━━━ Input data ━━━

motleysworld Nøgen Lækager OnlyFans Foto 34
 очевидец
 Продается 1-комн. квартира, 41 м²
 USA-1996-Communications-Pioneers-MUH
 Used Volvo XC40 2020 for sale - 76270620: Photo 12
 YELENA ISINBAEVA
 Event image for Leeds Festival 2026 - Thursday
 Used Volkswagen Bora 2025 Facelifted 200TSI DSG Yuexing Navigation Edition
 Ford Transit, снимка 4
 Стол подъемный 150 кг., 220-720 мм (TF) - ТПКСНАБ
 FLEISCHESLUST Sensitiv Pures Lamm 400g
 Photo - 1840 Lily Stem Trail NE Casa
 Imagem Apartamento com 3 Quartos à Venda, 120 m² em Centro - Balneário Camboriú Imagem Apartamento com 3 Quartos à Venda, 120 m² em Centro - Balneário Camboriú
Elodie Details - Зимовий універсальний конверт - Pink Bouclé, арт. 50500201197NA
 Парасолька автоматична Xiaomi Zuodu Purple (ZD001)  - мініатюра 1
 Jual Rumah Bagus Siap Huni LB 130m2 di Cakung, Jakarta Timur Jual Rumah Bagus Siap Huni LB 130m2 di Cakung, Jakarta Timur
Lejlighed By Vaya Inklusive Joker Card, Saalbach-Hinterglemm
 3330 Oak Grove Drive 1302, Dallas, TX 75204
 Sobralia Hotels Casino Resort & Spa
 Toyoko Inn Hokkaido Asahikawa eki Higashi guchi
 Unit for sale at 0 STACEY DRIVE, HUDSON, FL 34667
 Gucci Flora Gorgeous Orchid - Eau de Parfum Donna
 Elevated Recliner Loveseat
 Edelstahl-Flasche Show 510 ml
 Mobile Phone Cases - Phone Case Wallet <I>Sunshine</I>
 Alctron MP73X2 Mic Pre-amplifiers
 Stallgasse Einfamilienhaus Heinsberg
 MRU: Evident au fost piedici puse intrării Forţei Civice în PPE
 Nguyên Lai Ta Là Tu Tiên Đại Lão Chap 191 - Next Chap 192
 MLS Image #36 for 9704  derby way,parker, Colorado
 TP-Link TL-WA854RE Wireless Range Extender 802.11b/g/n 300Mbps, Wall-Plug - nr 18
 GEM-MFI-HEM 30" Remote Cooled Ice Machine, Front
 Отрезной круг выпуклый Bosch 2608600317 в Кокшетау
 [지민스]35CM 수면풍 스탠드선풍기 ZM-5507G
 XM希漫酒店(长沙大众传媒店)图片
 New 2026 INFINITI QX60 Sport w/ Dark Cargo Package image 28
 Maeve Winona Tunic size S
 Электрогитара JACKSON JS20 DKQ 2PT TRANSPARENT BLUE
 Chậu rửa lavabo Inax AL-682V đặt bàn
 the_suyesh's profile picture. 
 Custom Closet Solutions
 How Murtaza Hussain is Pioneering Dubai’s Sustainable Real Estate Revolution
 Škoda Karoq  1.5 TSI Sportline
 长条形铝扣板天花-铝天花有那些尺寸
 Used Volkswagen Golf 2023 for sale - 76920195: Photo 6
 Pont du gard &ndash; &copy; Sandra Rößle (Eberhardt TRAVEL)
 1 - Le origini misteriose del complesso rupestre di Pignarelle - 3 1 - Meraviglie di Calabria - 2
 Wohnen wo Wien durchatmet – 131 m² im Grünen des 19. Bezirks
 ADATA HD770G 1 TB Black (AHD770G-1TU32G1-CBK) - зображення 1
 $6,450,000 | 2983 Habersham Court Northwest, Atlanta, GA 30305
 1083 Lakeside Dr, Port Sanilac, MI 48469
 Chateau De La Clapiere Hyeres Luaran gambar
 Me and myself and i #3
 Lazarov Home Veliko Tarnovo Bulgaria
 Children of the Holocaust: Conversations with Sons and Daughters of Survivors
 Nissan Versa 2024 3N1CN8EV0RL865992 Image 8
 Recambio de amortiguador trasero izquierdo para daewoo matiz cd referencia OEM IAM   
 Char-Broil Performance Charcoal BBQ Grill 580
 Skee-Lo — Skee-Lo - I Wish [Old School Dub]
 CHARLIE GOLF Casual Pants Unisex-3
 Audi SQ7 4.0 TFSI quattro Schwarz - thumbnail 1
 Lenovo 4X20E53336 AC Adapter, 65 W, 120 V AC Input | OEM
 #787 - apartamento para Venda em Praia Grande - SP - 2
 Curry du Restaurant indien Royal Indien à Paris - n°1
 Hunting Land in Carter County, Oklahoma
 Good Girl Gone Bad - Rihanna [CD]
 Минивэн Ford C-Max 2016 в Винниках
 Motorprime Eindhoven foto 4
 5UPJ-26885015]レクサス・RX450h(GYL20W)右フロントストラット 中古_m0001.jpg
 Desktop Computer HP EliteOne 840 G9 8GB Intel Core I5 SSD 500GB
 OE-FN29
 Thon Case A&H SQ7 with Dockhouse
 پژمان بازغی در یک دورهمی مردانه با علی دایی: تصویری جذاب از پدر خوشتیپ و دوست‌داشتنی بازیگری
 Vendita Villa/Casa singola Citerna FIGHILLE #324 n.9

━━━

* [Task description]:
Copy out, word for word, the part of the entries above that begins at the line with "Curry du Restaurant" and ends at the line with "5UPJ-26885015]", including both.

* [Your response]:
 Curry du Restaurant indien Royal Indien à Paris - n°1
 Hunting Land in Carter County, Oklahoma
 Good Girl Gone Bad - Rihanna [CD]
 Минивэн Ford C-Max 2016 в Винниках
 Motorprime Eindhoven foto 4
 5UPJ-26885015]レクサス・RX450h(GYL20W)右フロントストラット 中古_m0001.jpg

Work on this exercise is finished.